This had all the pieces in place - a text by Ben Jonson, one of the best directors of our time in Nicholas Hytner, and Alex Jennings and the sainted Simon Russell Beale (not to mention the excellent Lesley Manville) in the lead roles. So why didn't it quite work?
It certainly wasn't a failure. Jonson is an amusing writer, and the play lends itself well to high farce. Jennings and Russell Beale worked hard and produced some highly amusing moments. Hytner used the Olivier's revolving stage to full advantage (although to have the actors come onstage in vision of the audience to go up an external fire-escape to make an entrance from the upstairs of the Alchemist's house was clumsy).
The fault is that of Jonson. His prose is more knotted and convoluted than that of Shakespeare so it is less easy to slip into its rhythms. And the plot is overtly satirical, taking potshots at many 17th Century targets such as London's swindlers, whores, foreigners and puritans. Whilst good knockabout fun, satire doesn't travel well and the play has little profound to say beyond some cheap topical gags - which leaves one who is more used to the richly-leavened Shakespearean fare feeling as if one wants some more.
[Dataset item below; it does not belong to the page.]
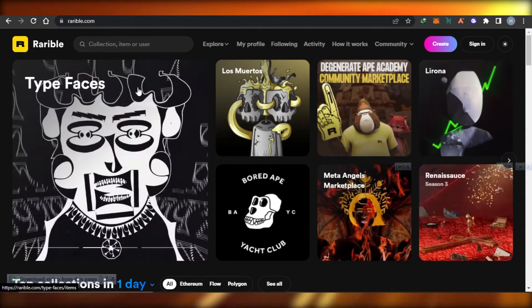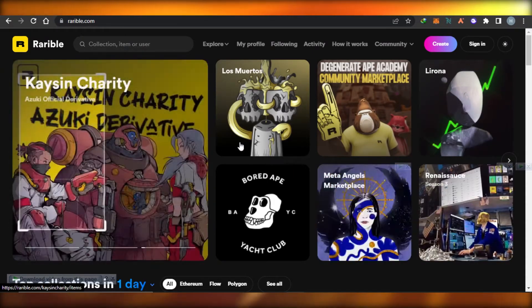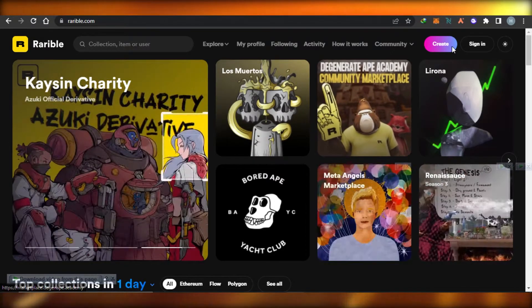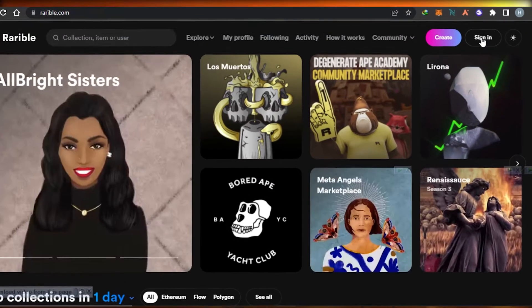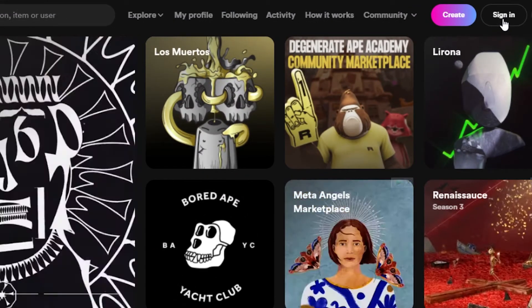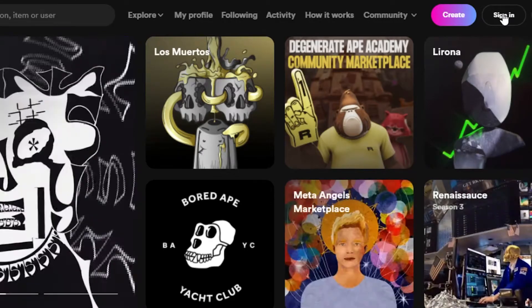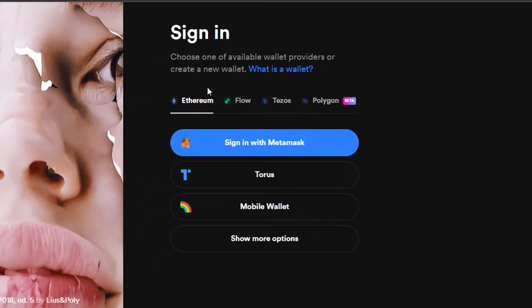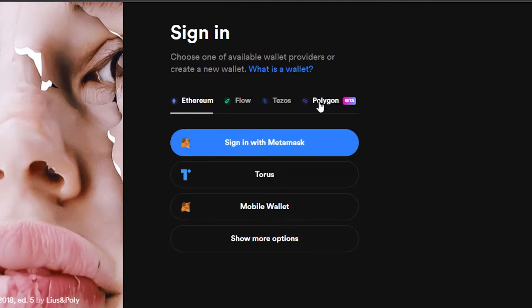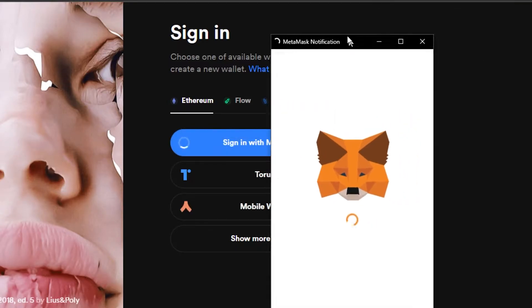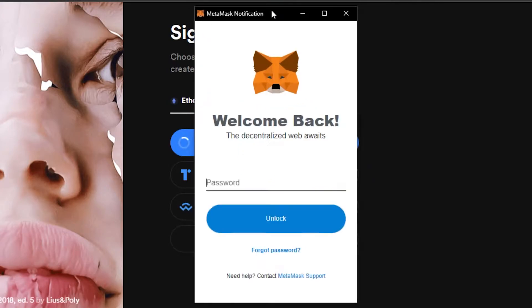Once you are on variable and you want to create your own NFT, the first thing you have to do is find the option of sign in. I'm going to click on sign in, and now we have to sign in with our MetaMask or mobile wallet or other options. I'm going to go ahead and sign in with my MetaMask. We have the options of Ethereum, Flow, Tezos, and now Polygon is available too.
You certainly couldn't fault the acting. Alex Jennings is a master of this high camp, and Simon Russell Beale, amongst his many other attributes, shows fine comedy timing. Lesley Manville is also a fine comic actor, and by no means out of place in this august company. But this array of talent onstage merely adds to the disappointment that the whole piece simply never catches fire and leaves the audience with a sense of anticlimax.